Le Laos, le Mékong, ceux que l’on croise

Les gilets de sauvetages quand ils sont présents, servent de coussins pour se caler sur d’anciens sièges de bus déchirés, posés sur le plancher du bateau sans y être fixés. Derrière nous une musique urbaine tendance pop groove à la guimauve résonne dans le dos. Sous les pieds vibre un moteur ronronnant à ciel ouvert, nous sommes exactement à deux pas de la salle des machines. Aujourd’hui, les occidentaux font salle comble sur le Mékong, nous en sommes. On espérait en franchissant la frontière, pouvoir naviguer entre Laos et Siam au milieu d’une jungle luxuriante, la tête farcie de légendes. Nous descendons finalement la Seine en compagnie d’un monde blanc et braillard, aveugle et sourd.

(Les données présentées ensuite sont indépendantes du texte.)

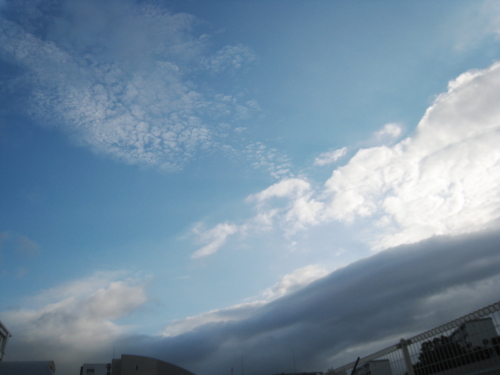 c0129498_82222.jpg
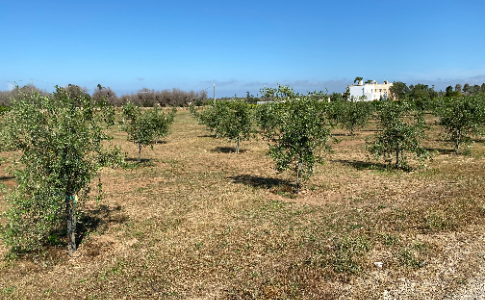 Olivami, un progetto smart per adottare a distanza gli ulivi salentini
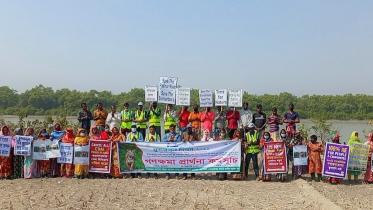 Sundarbans Day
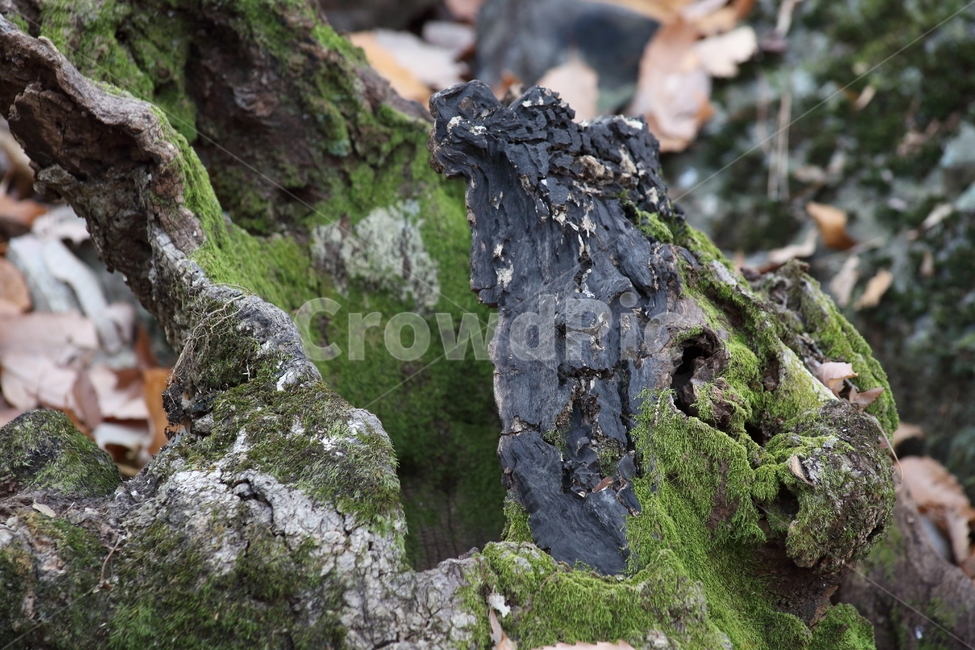 이끼,죽은나무,나무,wood,plant,treemoss,climacium,나무이끼,식물,자연,plants,nature,나무,trees,wood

Lorsque la veille nous choisissons d’emprunter le Mékong pour s’enfoncer dans le Laos, nous sommes pourtant conscients que cet axe est largement utilisé mais nous parions encore une fois sur les effets d’un tourisme en berne. Nous pensons naïvement naviguer en compagnie de quelques familles laotiennes. On entre en réalité dans un univers s’apparentant plutôt à un parc d’attraction aquatique et l’on se sent soudainement très seuls au milieu de nos semblables. Ceux-là ont pour habitude de suivre un itinéraire usuellement emprunté et se retrouvent désormais dans cette Asie du sud-est aux étapes bien calibrées, dans des dortoirs uniformes et des bars sans originalités. Cette partie du monde véhicule une espèce de transhumance touristique beuglante teintée d’un esprit « springbreak » abreuvé à la bière fade sans caractère. Le cheptel, dont nous sommes nous-mêmes issus, s’écarte à vrai dire rarement du chemin tracé, comme si le dépaysement finalement effrayait. On le savait, l’humanité était piteusement grégaire et préférait souvent se répandre en discussions interminables entre personnes se ressemblant trait pour trait, qu’elles débarquent de Sydney, de Paris ou bien de Californie. La distance kilométrique n’y changeait rien, on aimait vivre collé à ceux qui dégageaient la même odeur.

Nous naviguons toute la journée en compagnie d’un monde sans surprise et décidons d’emprunter dès que possible une tangente salvatrice avant de devoir discuter du cours du bitcoin, des amourettes d’un trader fortuné et d’une popstar éphémère, ou pire encore, en s’étalant l’air grave et faussement affligé à propos d’une quelconque catastrophe écologique entre responsables du pillage, une bière tiède à la main. Cette foule nous paraissait d’un ennui redoutable, qui plus est en descendant le cours d’un fleuve au nom si évocateur, taillé pour le rêve en grand. Nous étions trop vieux pour avoir la prétention de nous croire originaux, mais trop jeunes encore pour s’inscrire dans des visites groupées à bord d’un bateau-mouche.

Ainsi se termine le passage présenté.